Grade: 4.5/5.0
“Magic mirror on the wall, who is the fairest one of all?” In Mona Awad’s new gothic horror novel “Rouge,” released Sept. 12, the “Bunny” author takes the “Snow White” story to chilling new depths.
Once upon a time, Awad fell down a rabbit hole of skin care videos — the kind that promised magical, transformational results. There, she observed the aspiration and the addiction, the dewy surface of “beauty” but also its dark underbelly. Marrying fairy tale tropes and symbols with a perilous quest for beauty, “Rouge” holds a light to the industry and extracts the dirt and grime beneath the surface.
Mirabelle, also known as Mira or Belle, finds a pair of red shoes in her dead mother’s closet that lead her straight to La Maison de Méduse, the same culty spa her mom frequented before her mysterious demise. As Belle is lured into the glassy world of poreless skin and reflective surfaces, Awad paints a striking image of the modern beauty industry and the promotion of white, Westernized ideals.
Throughout the novel, the mirror plays a central role, reflecting a warped world and blurring the boundary between precious fantasy and precarious reality. Belle and her mother have always been occupied by their own images, but Belle’s off-kilter “treatments” cause her to dissociate from even her own reflection. Her image no longer moves with her. She sees her mother when she looks in the mirror. Mannequins become her “sisters” who communicate with her through the glass.
Throw in a shapeshifting figure who appears in the mirror and looks awfully like Tom Cruise — but frequently insists that his name is Seth — and the plot is nothing short of strange, though this has come to be expected of Awad.
While Belle’s journey to achieve her “Most Magnificent Self” is told in a linear fashion, her “brightening” treatments require that she revisit her traumatic past, told in childhood flashbacks. It’s during these moments that readers get a sense of her fraught relationship with her mother and the mutual envy that poisoned it.
Part Egyptian but raised by her white mother with “skin as white as snow,” Belle must grapple with narrow messages about what “beauty” means — specifically, young, Western and white. “Anyone who doesn’t fit within those parameters is made to feel less-than and envious, often from a very young age,” Awad said in a Q&A. “As a biracial woman, I’ve always felt both vulnerable to and suspicious of this messaging. So does Belle.”
On the other hand, Belle’s mother proves envious of her daughter’s youthful radiance, and this fear surrounding loss of beauty pervades the novel as a whole. When “beauty” is only fleeting and skin-deep, what is left beneath the surface?
Similar to 2019’s “Bunny,” “Rouge” has readers guessing what’s real and what’s not, pulling them into an unreliable narrator’s perception of an uncanny world. But unlike the MFA candidate, smut-loving group of bunny boy-killers in the former, “Rouge” describes a group much more sinister. As the mist clears from the mirror and disparate details begin to connect together, the realization is disturbing. Even when readers think Awad won’t go there, she does.
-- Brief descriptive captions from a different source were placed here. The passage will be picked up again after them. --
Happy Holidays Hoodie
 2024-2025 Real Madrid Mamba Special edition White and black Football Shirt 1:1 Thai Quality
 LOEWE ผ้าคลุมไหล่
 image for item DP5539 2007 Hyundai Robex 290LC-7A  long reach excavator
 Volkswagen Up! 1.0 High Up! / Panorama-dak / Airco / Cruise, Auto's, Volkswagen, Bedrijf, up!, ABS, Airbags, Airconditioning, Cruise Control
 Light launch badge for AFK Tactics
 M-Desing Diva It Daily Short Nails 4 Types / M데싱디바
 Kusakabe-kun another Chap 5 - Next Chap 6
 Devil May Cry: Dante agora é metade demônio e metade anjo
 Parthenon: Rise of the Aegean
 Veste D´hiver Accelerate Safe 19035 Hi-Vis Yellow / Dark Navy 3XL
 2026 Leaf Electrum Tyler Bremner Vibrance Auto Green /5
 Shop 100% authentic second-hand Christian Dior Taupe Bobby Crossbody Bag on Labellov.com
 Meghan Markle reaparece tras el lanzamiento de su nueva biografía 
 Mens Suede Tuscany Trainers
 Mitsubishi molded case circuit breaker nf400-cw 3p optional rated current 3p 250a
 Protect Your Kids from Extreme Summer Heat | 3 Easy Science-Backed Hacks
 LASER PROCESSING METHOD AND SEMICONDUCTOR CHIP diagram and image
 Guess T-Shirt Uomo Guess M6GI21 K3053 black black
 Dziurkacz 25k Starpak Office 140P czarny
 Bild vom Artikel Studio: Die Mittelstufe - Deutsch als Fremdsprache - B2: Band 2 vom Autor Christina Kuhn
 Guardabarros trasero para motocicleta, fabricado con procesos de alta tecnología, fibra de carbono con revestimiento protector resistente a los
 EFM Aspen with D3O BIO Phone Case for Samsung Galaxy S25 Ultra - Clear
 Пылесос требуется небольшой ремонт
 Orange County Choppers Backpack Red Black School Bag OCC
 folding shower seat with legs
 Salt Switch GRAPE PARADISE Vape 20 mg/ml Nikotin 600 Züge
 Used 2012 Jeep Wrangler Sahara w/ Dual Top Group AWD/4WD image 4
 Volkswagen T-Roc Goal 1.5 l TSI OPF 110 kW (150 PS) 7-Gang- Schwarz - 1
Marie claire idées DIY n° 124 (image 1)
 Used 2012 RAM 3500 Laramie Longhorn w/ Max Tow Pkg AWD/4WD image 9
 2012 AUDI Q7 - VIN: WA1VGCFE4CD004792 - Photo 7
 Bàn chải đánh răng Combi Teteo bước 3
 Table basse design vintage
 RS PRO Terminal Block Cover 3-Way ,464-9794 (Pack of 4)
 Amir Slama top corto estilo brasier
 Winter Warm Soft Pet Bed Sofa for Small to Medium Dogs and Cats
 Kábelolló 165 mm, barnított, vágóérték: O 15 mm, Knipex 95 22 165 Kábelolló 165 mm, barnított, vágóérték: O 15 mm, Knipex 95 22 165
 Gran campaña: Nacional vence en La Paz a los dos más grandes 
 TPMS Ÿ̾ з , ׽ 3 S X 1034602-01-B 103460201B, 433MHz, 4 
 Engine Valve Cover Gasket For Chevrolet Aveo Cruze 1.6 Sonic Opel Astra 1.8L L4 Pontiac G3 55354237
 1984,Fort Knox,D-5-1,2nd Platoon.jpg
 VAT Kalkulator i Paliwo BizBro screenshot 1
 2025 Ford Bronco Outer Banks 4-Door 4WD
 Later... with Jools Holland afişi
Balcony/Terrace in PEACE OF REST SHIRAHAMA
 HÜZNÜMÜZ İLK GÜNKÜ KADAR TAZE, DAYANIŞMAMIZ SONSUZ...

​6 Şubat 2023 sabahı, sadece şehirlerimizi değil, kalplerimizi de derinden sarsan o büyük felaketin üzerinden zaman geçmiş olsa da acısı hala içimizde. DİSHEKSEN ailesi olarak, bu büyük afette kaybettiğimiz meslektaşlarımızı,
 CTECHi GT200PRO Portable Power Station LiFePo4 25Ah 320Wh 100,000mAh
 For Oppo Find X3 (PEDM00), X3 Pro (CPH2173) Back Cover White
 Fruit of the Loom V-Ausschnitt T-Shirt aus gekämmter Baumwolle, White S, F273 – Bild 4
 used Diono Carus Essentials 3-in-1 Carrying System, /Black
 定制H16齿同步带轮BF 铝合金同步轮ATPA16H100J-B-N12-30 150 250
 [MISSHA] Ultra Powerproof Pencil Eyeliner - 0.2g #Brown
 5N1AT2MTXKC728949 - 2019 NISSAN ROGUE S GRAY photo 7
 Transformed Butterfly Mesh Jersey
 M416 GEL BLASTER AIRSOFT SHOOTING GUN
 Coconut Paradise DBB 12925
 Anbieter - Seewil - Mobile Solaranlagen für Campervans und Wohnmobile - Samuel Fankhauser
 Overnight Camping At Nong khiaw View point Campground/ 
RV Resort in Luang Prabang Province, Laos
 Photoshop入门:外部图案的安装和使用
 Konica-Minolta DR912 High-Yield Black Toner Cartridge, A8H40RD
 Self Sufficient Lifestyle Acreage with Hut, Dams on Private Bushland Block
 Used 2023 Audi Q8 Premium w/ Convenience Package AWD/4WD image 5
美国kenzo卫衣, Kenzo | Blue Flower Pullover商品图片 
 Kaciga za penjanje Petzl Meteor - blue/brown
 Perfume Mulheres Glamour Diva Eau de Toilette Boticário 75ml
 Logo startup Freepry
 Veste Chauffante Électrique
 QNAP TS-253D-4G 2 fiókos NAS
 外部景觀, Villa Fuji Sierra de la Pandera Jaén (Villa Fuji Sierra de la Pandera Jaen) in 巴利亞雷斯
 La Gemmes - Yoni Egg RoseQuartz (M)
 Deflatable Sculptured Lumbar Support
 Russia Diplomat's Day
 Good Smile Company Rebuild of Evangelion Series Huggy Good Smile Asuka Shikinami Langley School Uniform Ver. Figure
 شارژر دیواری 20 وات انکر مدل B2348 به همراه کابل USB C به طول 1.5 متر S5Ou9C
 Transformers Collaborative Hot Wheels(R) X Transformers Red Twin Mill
Just as much as “Rouge” is a grotesque take on the beauty industry, it’s also a poignant representation of grief. Awad’s characters are less than perfect — and their relationships even less so — leaving much room for regret but also love. Sometimes it takes a deadly journey through a beauty cult to realize the quest for outward perfection was never one worth prioritizing.
On the surface, “Rouge” may seem a bit too ambitious as it weaves together mythic tales, the modern beauty industry, Tom Cruise and a dead mother. Yet, each moving part contributes to a truly beautiful reflection on forgiveness and self-acceptance. It’s the kind of transformation no tretinoin treatment or diamond-infused elixir could ever hope to replicate.